**EXCERPTED RECORDS**:
'''

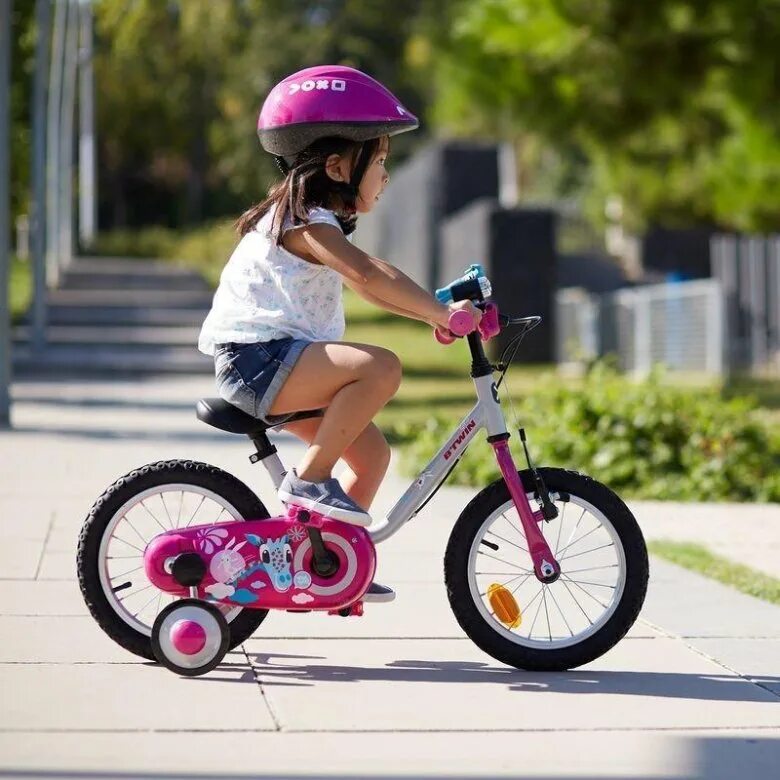 8 лет какой велосипед купить. Велосипед детский b'Twin 14. Детский велосипед Декатлон 14. Btwin детские велосипеды 14. Btwin 16 велосипед детский.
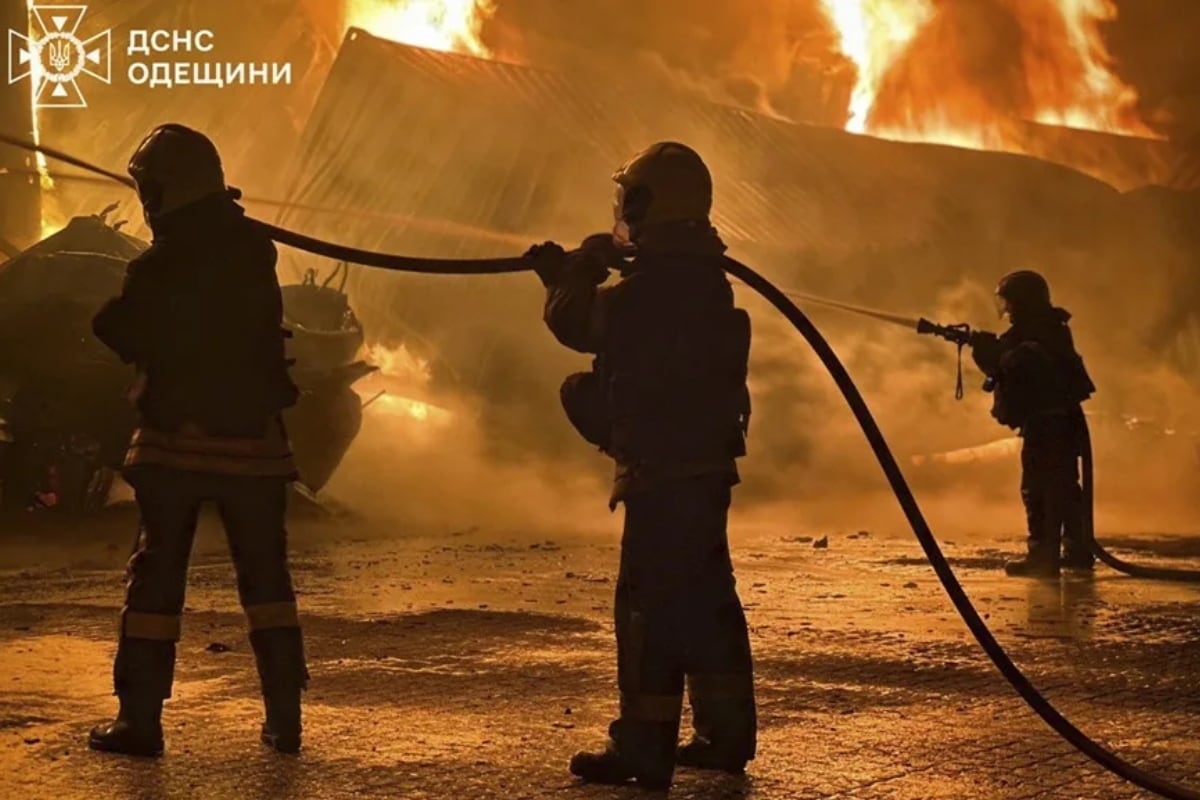 Rescatistas ucranianos trabajan en el lugar de un ataque ruso con drones en Odesa, Ucrania, en una imagen de archivo. (Foto: EFE)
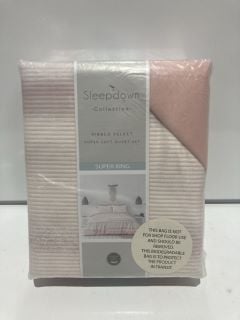 QTY OF SLEEP DOWN RED VELVET DUVET SET SUPERKING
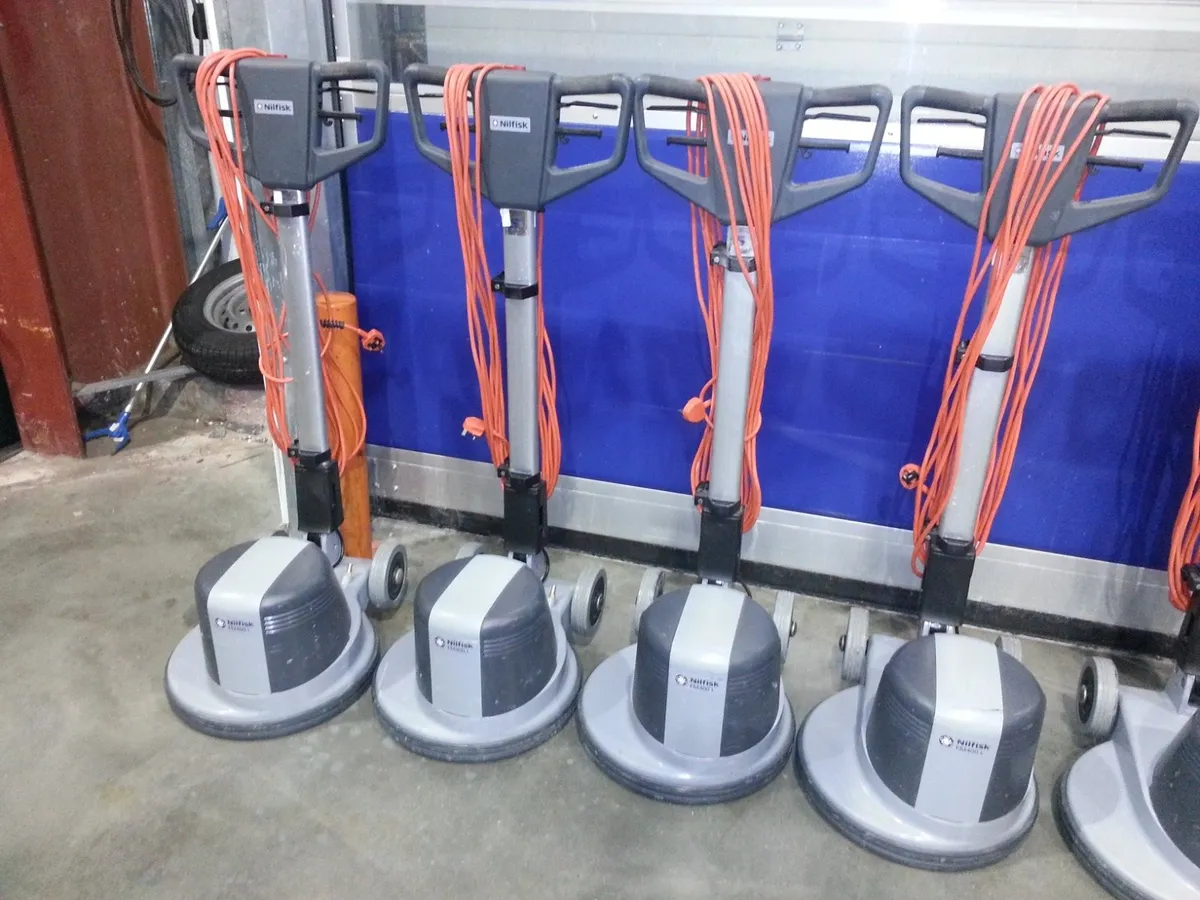 Nilfisk FM400 floor buffers/polishers/scrubbers - Image 3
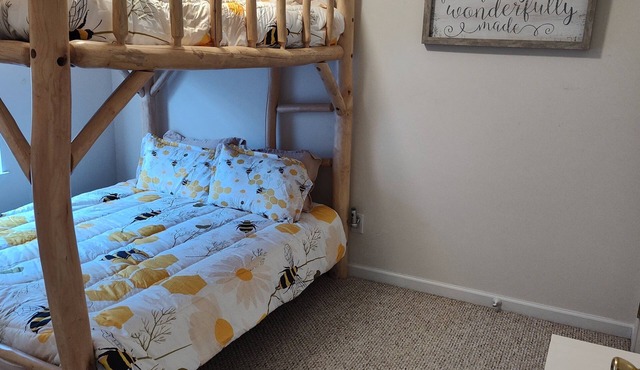 Charming Honey Bee Cottage 3BR 2 Bath home with WiFi and AC in lovely Tallassee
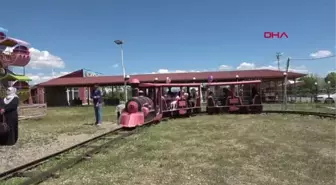 VAN'DA 72 ÇOCUK İLK KEZ LUNAPARKTA EĞLENDİ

'''

**ASSIGNMENT**: Your answer should reproduce every line of the data verbatim and include no images.

**ANSWER TO THE PROBLEM**:
 8 лет какой велосипед купить. Велосипед детский b'Twin 14. Детский велосипед Декатлон 14. Btwin детские велосипеды 14. Btwin 16 велосипед детский.
 Rescatistas ucranianos trabajan en el lugar de un ataque ruso con drones en Odesa, Ucrania, en una imagen de archivo. (Foto: EFE)
 QTY OF SLEEP DOWN RED VELVET DUVET SET SUPERKING
 Nilfisk FM400 floor buffers/polishers/scrubbers - Image 3
 Charming Honey Bee Cottage 3BR 2 Bath home with WiFi and AC in lovely Tallassee
 VAN'DA 72 ÇOCUK İLK KEZ LUNAPARKTA EĞLENDİ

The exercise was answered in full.